Survey research collects data from subjects who answer questions about behaviors and opinions, often in the form of a questionnaire. Most surveys are done as quantitative research. However, qualitative research can also be done with surveys using open-ended questions. The survey is one of the most widely used research methods. It allows respondents a level of anonymity (not being identified) in which they feel freer to express personal and sensitive information. Sociologists conduct surveys to gather information on political ideologies, reported levels of religiosity, and a host of other issues.
Surveys target a specific population, or people who are the focus of a study. Because it is impossible to study an entire population, most researchers survey a sample, or a smaller number of subjects who adequately represent the larger population. In a random sample, every person in a population has an equal chance of being chosen for the survey.
Interviews as Research
Interviews are a type of qualitative research. In an in-depth interview, a researcher talks with an individual at length. Also called intensive interviews, these types of interviews are usually recorded so they can later be transcribed (written out) for analysis. There are advantages and disadvantages to interviews as a research method. In-depth interviewing allows the researcher into the world of the participant. However, information gained from interviews cannot always be generalized to a larger population. For example, a researcher could interview a mass murderer for hours and come to deeply understand why that person carried out multiple acts of violence. However, the information collected in the interview may not be useful in understanding the motivations of a different mass murderer.
A structured interview uses questions with no variation. Subjects are asked a series of close-ended questions—questions that only allow respondents to give certain answers. This can include yes/no questions or a set of possible answers that respondents can select. This allows researchers to collect information about preestablished categories and to have control of the interview script. Close-ended questions ensure that researchers get the data they want to collect and analyze. They are also useful because they do not allow for nonsense answers that are outliers, answers that are too different from the majority of answers from respondents and cannot be used as data. An unstructured interview uses open-ended questions that allow for more fluid interactions between the researcher and the respondent. Respondents are not forced to choose from predesigned answers but instead can elaborate on their statements. The goal in unstructured interviews is to understand respondents' thinking.
For example, a researcher studying drug use could use a structured or an unstructured interview. The structured interview has a set number of questions. No matter what type of answer a respondent gives, the researcher simply records the answer and moves on to the next question. However, if a 13-year-old respondent mentions using heroin or methamphetamine every day for three years, most researchers would want to know more about that. In a structured interview, the researcher does not probe further. In an unstructured interview, the researcher is able to ask questions such as, "Tell me why you started using these drugs at such a young age?" The unstructured interview allows the researcher to develop new lines of inquiry based on respondents' answers. The structured interview focuses on gathering data related to a specific question or questions, excluding issues that fall outside those questions.

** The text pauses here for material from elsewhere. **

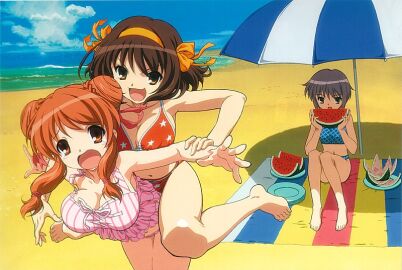 3girls arm_grab asahina_mikuru beach bikini breasts brown_hair female food fruit hairband holding holding_food holding_fruit holding_watermelon large_breasts multiple_females multiple_girls nagato_yuki orange_hairband outdoors short_hair small_breasts star_(symbol) star_print striped_bikini striped_clothes suzumiya_haruhi suzumiya_haruhi_no_yuuutsu swimsuit takemoto_yasuhiro tears umbrella vertical-striped_bikini vertical-striped_clothes watermelon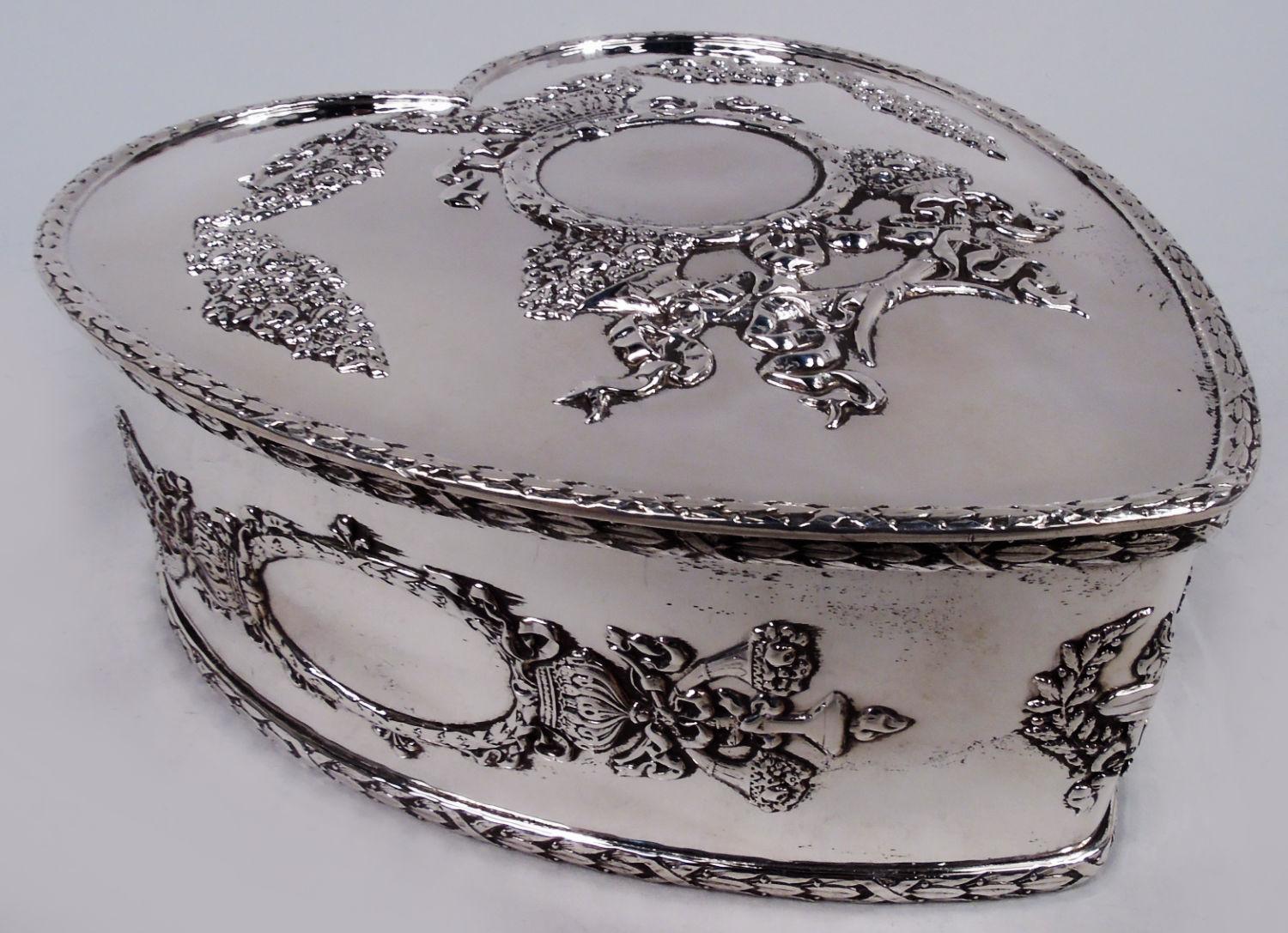 Edwardian Regal and Romantic Sterling Silver Heart-Shaped Jewelry Box For Sale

In participant observation, researchers become part of the group they are studying. To do so, the researcher spends time with a group, such as a class, a group of neighbors, or a religious group. A type of qualitative research, participant observation can yield a great deal of complex information. Researchers using participant observation must guard against the Hawthorne effect, which occurs when research study participants’ awareness of being studied influences their behavior. In participant observation, the researcher's presence can heighten this awareness. Participants may alter their behavior when the researcher is observing or interacting with them. One way researchers can counteract the Hawthorne effect is to develop rapport with the study subjects. When the people being studied gain a sense of familiarity with the researcher, they are more likely to follow their usual patterns of behavior rather than adjusting them because of the presence of an observer.

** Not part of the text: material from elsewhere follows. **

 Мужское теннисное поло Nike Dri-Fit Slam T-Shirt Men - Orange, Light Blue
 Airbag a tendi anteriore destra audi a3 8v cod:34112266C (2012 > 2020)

After a day of conducting participant observation research, it is common for researchers to type out field notes of what happened. Note-taking during participant observation is an important part of data collection. Not only does it record the researcher's observations; it provides a framework to help the researcher make connections. For example, note-taking helps researchers frame responses based on respondents' membership in larger social institutions, or links them with political party, socioeconomic status, or religious affiliation. Participant observation research can be beneficial because it can provide sociologists with a lot of detailed information about a group, as well as how the group changes over time. For example, a researcher who spends time with a biker group over a period of months or years can get a rich, complex understanding of this group, such as a complex understanding of its characteristics, dynamics, and practices. A researcher who spends time with families in their homes, observing or taking part in daily activities, conversations, arguments, and celebrations, can gain a nuanced understanding of the behaviors, norms, and values of those families.